Ce dimanche, le parti d'extrême-droite Fratelli d'Italia est arrivé en tête des élections législatives avec 26% des voix. La coalition de droite (composée du parti de Silvio Berlusconi Forza Italia, de celui de Matteo Salvini, la Ligue, avec les Fratelli d'Italia) devrait obtenir la majorité des voix et permettre à Giorgia Meloni d'accéder au poste de Première ministre d'Italie.

La députée italienne défend une position nationaliste conservatrice et s'est montrée critique vis-à-vis du droit à l'avortement et du mariage homosexuel. Des positions qui n'ont pas manqué d'inquiéter du côté de la gauche et du centre français.

Quelques semaines avant la victoire des  Fratelli d'Italia, le secrétaire général du parti présidentiel "Renaissance", Stéphane Séjourné, président du parti Renew Europe au Parlement européen avait rappelé les influences fascistes dans les prises de position de Giorgia Meloni.  

Ce matin, interrogée sur BFMTV, la Première ministre française Élisabeth Borne s'est engagée à rester attentive au "respect" des droits humains et au droit à l'avortement en Italie, en s'alignant sur la position de la présidente de la Commission européenne Ursula Von Der Leyen.

Le centriste haut commissaire au plan François Bayrou, et l'écologiste Yannick Jadot ont commenté une "vague de dérive" pour le premier et des "pulsions de haine" pour le deuxième. Il serait selon eux de la responsabilité des politiques de répondre aux inquiétudes des peuples et de leur montrer un autre chemin face à la montée du populisme.

Côté gauche et extrême-gauche, la candidate socialiste à l'élection présidentielle et maire de Paris Anne Hidalgo a dénoncé une "triste journée pour l'Europe" sur son compte Twitter, et appelé à une "mobilisation sans faille des démocrates".
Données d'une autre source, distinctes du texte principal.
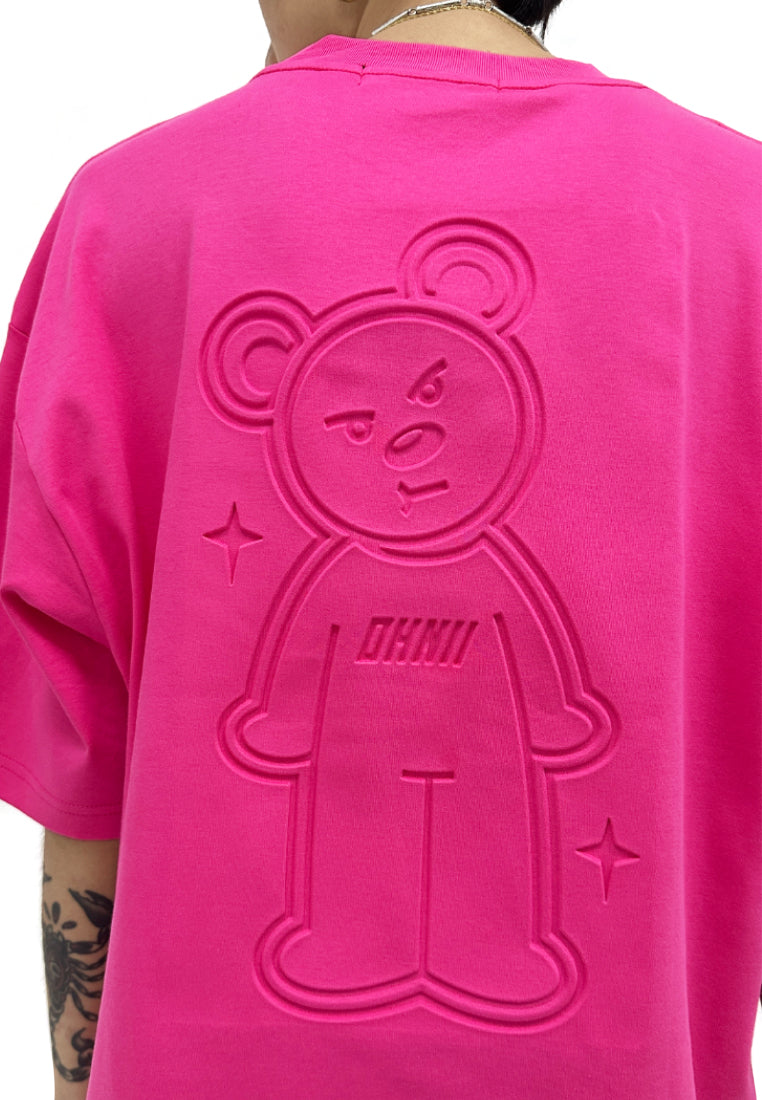 OVERSIZED 3D STANDING BEAR CLUB OHNII (HOT PINK) COTTON JERSEY TSHIRT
Le chef de la France Insoumise Jean-Luc Mélenchon ne s'est pas encore exprimé mais il avait soutenu le parti de gauche l'Union populaire (1,9% des voix aux élections législatives), affirmant qu'il n'allait pas "rester dans son lit" alors que le parti se battait "contre les fascistes".
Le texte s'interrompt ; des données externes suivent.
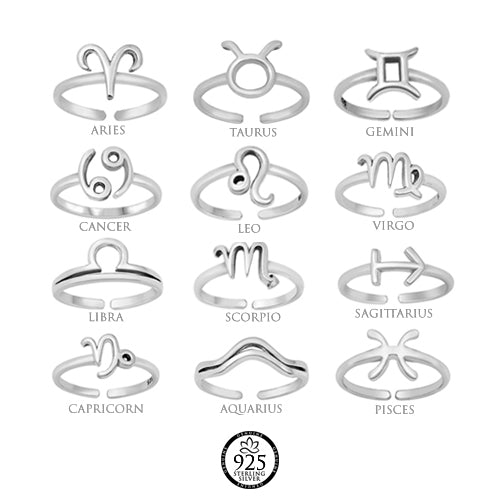 Sterling Silver Gemini Zodiac Sign Toe Ring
Une extrême-droite qui se félicite de cette victoire

Marine Le Pen ,présidente du groupe Rassemblement national à l'Assemblée nationale, a félicité Giorgia Meloni et Matteo Salvini pour leur victoire électorale, qu'elle interprète comme une victoire contre l'Union européenne.

Éric Zemmour, autre ancien candidat d'extrême droite à la présidentielle comme Marine Le Pen, a également encensé les résultats électoraux des Fratelli d'Italia, qu'il voit comme une inspiration pour ce qui pourrait arriver en France.
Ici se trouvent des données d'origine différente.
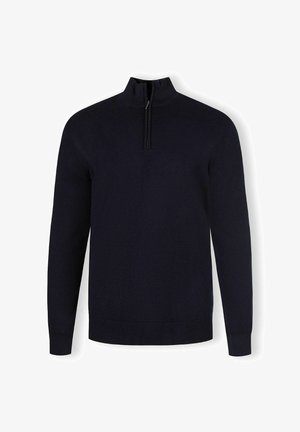 Marineblauwe pullover trui met een hoge kraag en korte ritssluiting. Heeft lange mouwen en een gladde, gelijkmatige textuur. Minimalistisch ontwerp.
Du côté du parti de droite traditionnelle Les Républicains, peu de dirigeants ont pris la parole pour commenter les élections italiennes. Invité de Sud Radio, le député européen François-Xavier Ballamy a refusé le terme de "pro-fasciste" pour qualifier les Fratelli d'Italia, en rappelant la proximité idéologique entre son parti et Forza Italia, qui fait également partie de la coalition.

Il a appelé à "écouter les citoyens" qui s'opposent aux politiques de l'Europe, tout en n'envisageant pas d'union avec l'extrême-droite sur le modèle de l'Italie.